2. From where, according to Rashi, may it be derived that a person who causes someone else to sin is subject to Divine punishment - as though he did the sin himself?
3. From where may it be learnt that Balaam was personally responsible for the Israelites' sin with Baal Peor?
4. What Halachot applying to utensils today may be learnt from the passage on the spoils taken in the war against Midian?
5. Why were the spoils of Midianite jewelry passed on to Moses (31:50) described as 'atoning for our souls before G-d' - according to the S'forno?
6. Why, according to the Midrash Hagadol, were the tribes of Reuben and Gad criticized by Moses for requesting to settle on the east bank of the Jordan? How, following Rashi, did Moses draw this fault to their attention?
ANSWERS TO THE QUESTIONS ON THE TEXT AND COMMENTARIES ON MATTOT-MASSEI
1. Following Rashi's commentary, the two ways may a person be absolved from nedarim are as follows:
(i) The vow may become 'loosened' (hatara)- non binding, by a person who is an expert in the laws of vows. This is not explicit in the Torah, but it is within Torah tradition, hinted at by the words 'this is the matter'(30:2) - meaning each way of absolution from vows must be carried out in the appropriate way. In the case of hatara - which applies to all people who make vows - the matter is put before expert and he may find that the vow was wrongly based - asking the person, for example, 'had you known that the vow would have included the unforeseen circumstance you are in now, would you have made the vow?' If he or she says no, the expert has the power to say that the vow was made in mistaken circumstances and is not a vow at all.

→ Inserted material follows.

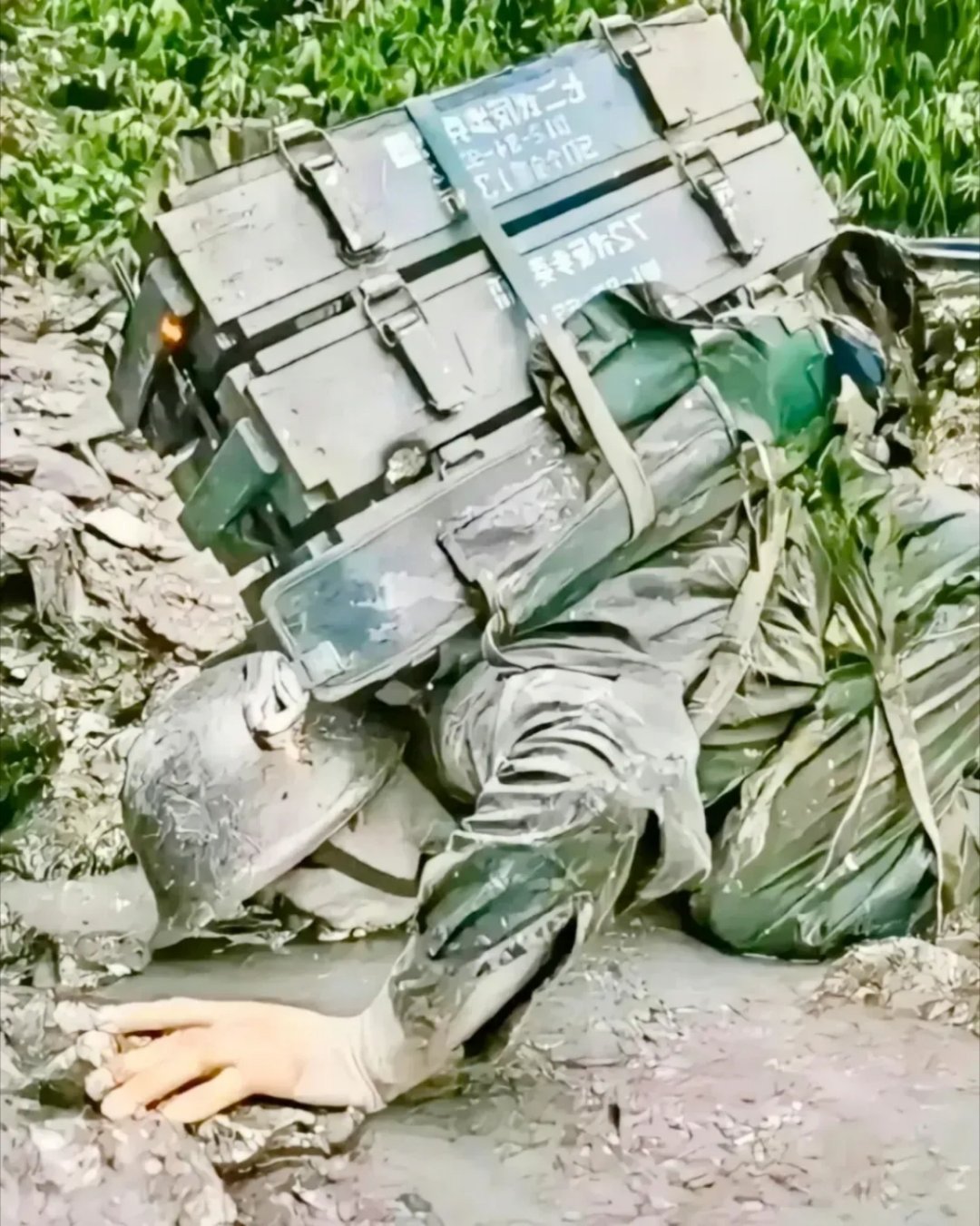 这是八十年代在对越自卫反击战战场上被随军记者抓拍到的一幕：这位解放军战士身体上背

(ii) The vow may be revoked - (hafara) - and this is method explicit in the Parasha. This applies to vows made by women only. If she is an unmarried 'na'ara' (30:4 - on the threshold of adulthood - normally twelve years old), she is considered old enough to know what she is doing, but she is still under the jurisdiction of her own father. He has the power (even if he is not an expert in the laws of vows) to void all vows she makes on the day he hears about them. Once she passes a few months reaching adulthood, she leaves her father's authority and she becomes fully liable for fulfilling her own vows. In addition, a husband may also revoke his wife's vows - whatever age she may be - so long as they are of such a nature as they interfere with their well-being (30:14).
Hatara declares that there was never any vow to start with, in effect voiding them in the past, present, and future. Hafara acknowledges the vow, but voids them in the future only.
2. The text states: 'If he revokes them after he heard them (Rashi: after he himself approved the vows), he shall bear his iniquity' (30:16). This means that the woman subsequently acted on the basis that her vow had been voided, where in fact it had not. As the father or husband had misled the woman, he 'bears his iniquity' - he is held responsible by the Almighty. From there it may be derived that a person who causes someone else to sin is subject to Divine punishment - as though he did the sin himself.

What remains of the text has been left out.